**Your assignment:** Task for the records below: copy exactly, and only, the line containing "بدون صبغ بدون تبديل سياره مكفوله" and every line after it to the end, with pictures left out.

**Records supplied:**
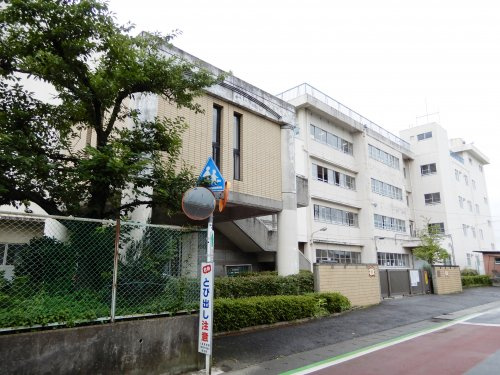 川越市立今成小学校の画像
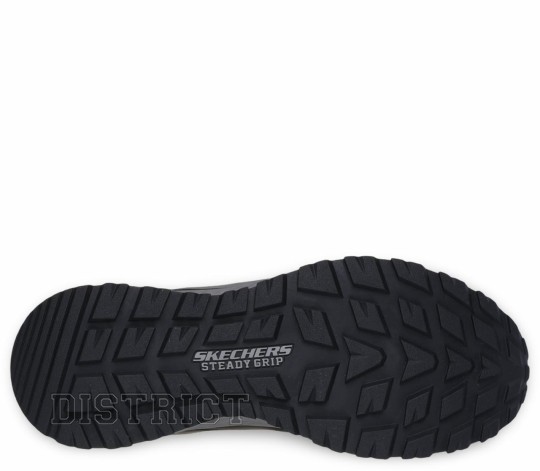 Skechers Кросівки Skechers Relaxed Fit: Slade - Peralto 210925 BLK чорні - Заображення 5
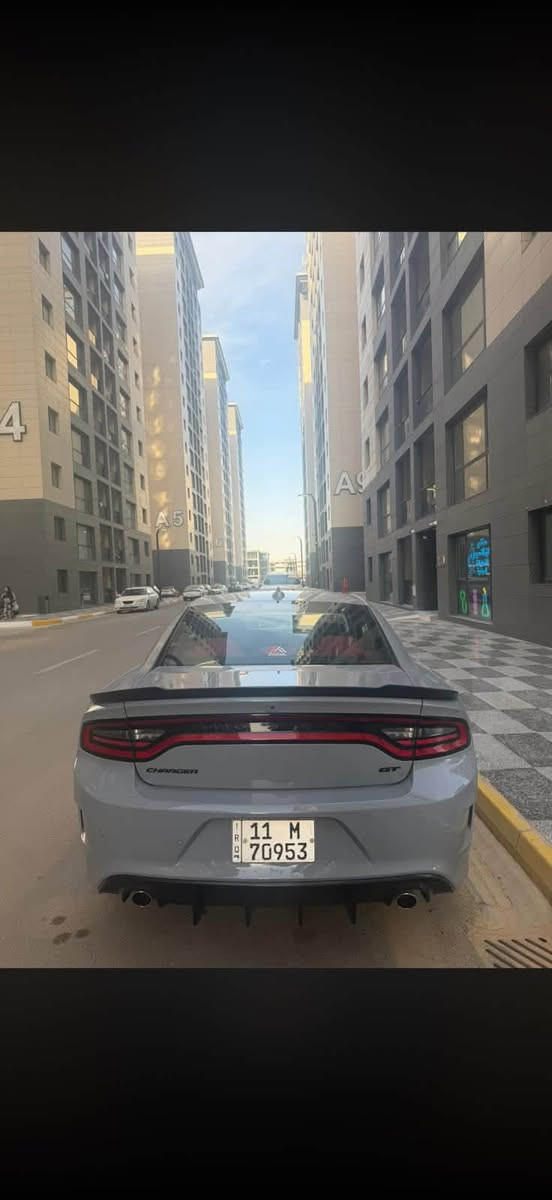 السلام عليكم جارجر GT 2022 كلين بدون حادث
صور الحادث والسونار مرفوقات
بدون صبغ بدون تبديل سياره مكفوله 

السعر 239 وبيها مجال 
المكان بغداد البلديات
هـ ***********
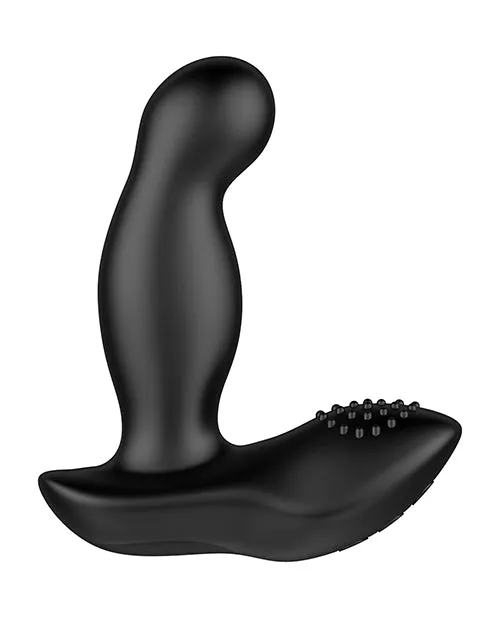 Boost Prostate Massager Black Libertybelle Marketing Anal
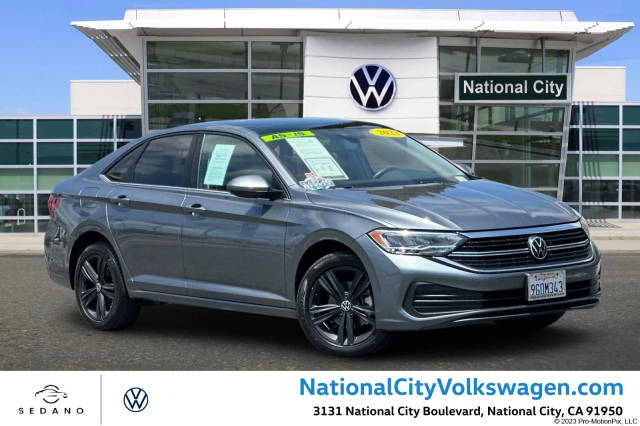 2023 Volkswagen Jetta SE FWD photo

**Solved problem:**
بدون صبغ بدون تبديل سياره مكفوله 

السعر 239 وبيها مجال 
المكان بغداد البلديات
هـ ***********
 Boost Prostate Massager Black Libertybelle Marketing Anal
 2023 Volkswagen Jetta SE FWD photo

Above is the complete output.